The week of Christmas.
Are you still rushing around trying to get all your presents?
If you aren't,
You see, I thought I was totally done this weekend after a fun day shopping with my mother. We laughed, we cried (from laughing so hard) and we thought I had finally finished my shopping.
Until my parents went all Barbra Streisand and Rained on my Parade, (a terrible Funny Girl reference) and told me about 13538952786 other people I need to buy for still.
what the hell?
I thought I was done with the awful thing that is Christmas shopping.
I thought I was done driving west bound on my own road for 40 minutes trying to get to the stores that are less than 3 miles away (fact)
but NOOOOOOO, they tell me now, that there are others to buy for.
I'm going to Meijer.
they are getting meijer gifts because it isn't going to take 2 hours for me to get there.
Now that we got that rant out of the way, I want to share with you my list of people I can't stand being around while Christmas Shopping/shopping in general.
These people make me all stabby and irrational.
Not a good combination.
1. The Sick Guy: You know this person. The one that coughs/sneezes/ew's all over EVERYTHING including you. The one that doesn't know that you should cough into your (as in your own) elbow and not into your hands or (DUH) the air. Yeah, that asshole. Whenever I get stuck around this person, and I always do, I want to drench myself in bleach to get those germs off of me.
IF YOU ARE SICK, DON'T GO SHOPPING. ASS.
2. The Loud Talker: Now, everyone is a little guilty of this including me, but that person that talks REALLY loud on their cell phone? Yeah, I absolutely abhor those people. It's like their only mission is to give me a head ache and make shopping way more unpleasant than it should be. Also, I don't need to know about your cousin's ingrown toenail, how Joey got busted doin' the dirty with Louise.. or was it Louis? Or that your doctor said the bumps should be gone in a few weeks thanks to this ointment you've been paying $252457 for.
Let's all take into consideration the volume of our voices when at the mall, or just call that person back later.
|Covered #1 & #2 with one picture. SCORE. |
3. The Group Walker: I am not one that likes to shop alone, but I also don't want to shop with a hoard of people. This group, 4+ people, is ALWAYS in the way and perpetually SLOW WALKING. This is the group of people there is no passing room on either side so you'd have to actually cut through them to get around them.
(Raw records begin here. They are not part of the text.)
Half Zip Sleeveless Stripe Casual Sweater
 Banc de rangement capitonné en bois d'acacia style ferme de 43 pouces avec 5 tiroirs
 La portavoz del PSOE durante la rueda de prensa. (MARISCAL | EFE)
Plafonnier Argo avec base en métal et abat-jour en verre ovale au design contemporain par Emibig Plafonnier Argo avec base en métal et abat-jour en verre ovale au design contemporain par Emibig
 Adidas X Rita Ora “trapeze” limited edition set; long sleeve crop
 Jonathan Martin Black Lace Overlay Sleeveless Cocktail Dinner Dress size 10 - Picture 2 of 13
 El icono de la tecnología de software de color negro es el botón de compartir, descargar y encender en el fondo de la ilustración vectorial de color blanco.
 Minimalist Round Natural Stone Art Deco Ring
WHAT THE HECK? Why is it necessary for anyone to go shopping with more than 1 other person? I can barely keep track of myself let alone 252345 other people so why in the world would you need to slowly walk in a giant group through the mall? I DON'T GET IT.
WHY MUST YOU GO TO THE MALL IN GROUPS????
4. The Browser: Okay, now before you all go crazy and tell me that we are all browsers, I want you to know I'm talking about the browser that stands in line and STILL SHOPS. The one who turns to you and says "will you hold my place in line, I'll be right back". This is also the person that holds up the line because they just have to touch every bouncy ball, eraser, and any other knick knacks that are in line with you. There is no reason for this person to hold up the line and more than it already is by the 100 people standing in front of them. This person makes me want to punch them in the face. Regularly.
MOVE PEOPLE. MOVE.
this is my absolute least favorite.
This one makes me want to take the knives (that I don't own) and start stabbing things randomly, especially this person.
5. The Bubble Burster: This person, the one looking at books by you, or (more likely) standing in line behind you has zero concept of personal space. They are all up in your grill. No. Matter. What.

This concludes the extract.